こちらのアンケートでは透析終了時の投与が圧倒的に多いという結果になりました。
透析中に投与している施設は少ない。
皆さんはフェジンの投与は透析のどのタイミングしていますでしょうか。
個人的な意見ですが、フェジンの投与は透析中の余裕のある時間でいいと思っています。
なぜかというと、フェジンの投与はゆっくり(添付文書には2分以上と記載あり)回路内に投与しなければいけないからです。
透析終了時だと時間に追われているので、投与が早くなってしまう傾向があります。
なので透析中の余裕のある時間帯に、患者さんと楽しくおしゃべりとかしながら投与が一番の理想と考えています。

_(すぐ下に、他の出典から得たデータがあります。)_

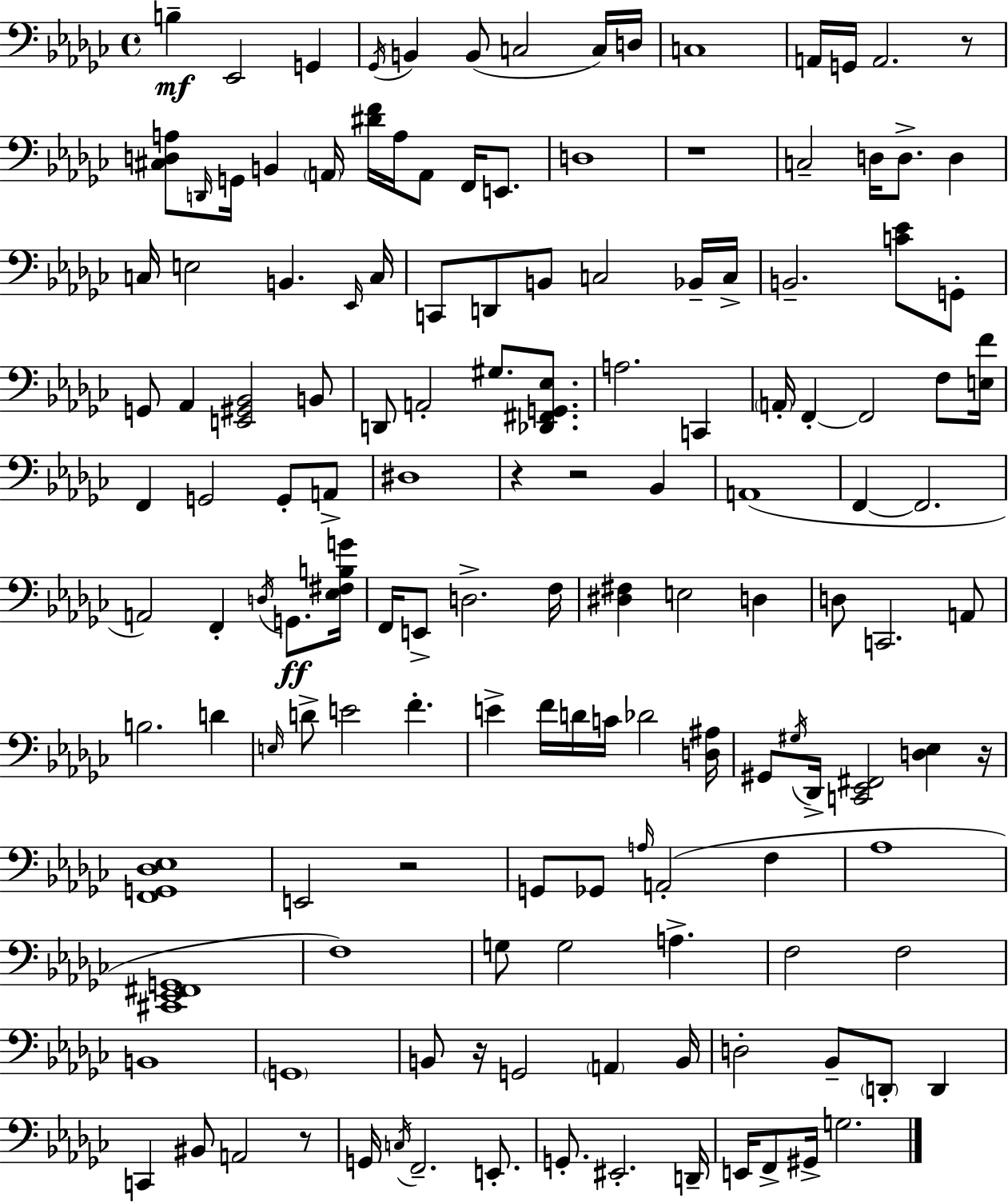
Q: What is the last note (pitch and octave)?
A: G3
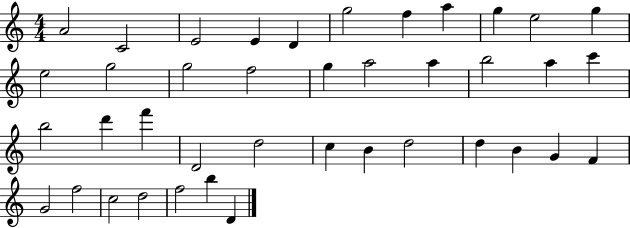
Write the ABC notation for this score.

X:1
T:Untitled
M:4/4
L:1/4
K:C
A2 C2 E2 E D g2 f a g e2 g e2 g2 g2 f2 g a2 a b2 a c' b2 d' f' D2 d2 c B d2 d B G F G2 f2 c2 d2 f2 b D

じゃあここで疑問に思うのが、透析中の投与して除去されないのか?
というところなんですが、鉄の分子量は約8万程度です。
HDではほとんど抜けません。
鉄の損失量はわずかです。
フェジンの投与アンケート(2)
では皆さんフェジンの投与にどのくらいの時間をかけているのか、気になりました。
こういった結果になりました。
なんと添付文書の2分以上を実施している方は14%だけでした。
これに関しては様々な意見があります。
回路内血液と混ざるから(希釈される)急速投与でも問題ない。
急速投与で副作用出てる人見たことない。
添付文書は「静脈内注射」。
透析回路においてもそうと言えるのか?
副作用の可能性のある急速投与はダメ。
最善の医療を提供するためには2分以上かける。
と、人によって言うことは違います。
個人的な意見にはなりますが、患者に副作用が出ないことは必須です。
これは絶対に守らないといけません。
あとは自施設の環境で一番の方法を見つけるしかないですかね。
ただもし患者さんに副作用が出た場合に、急速投与していたら問題なので、添付文書の2分以上を守るに越したことはありません。
患者さんを守る、自分を守るうえでも添付文書の2分以上を遵守した方がいいとは思います。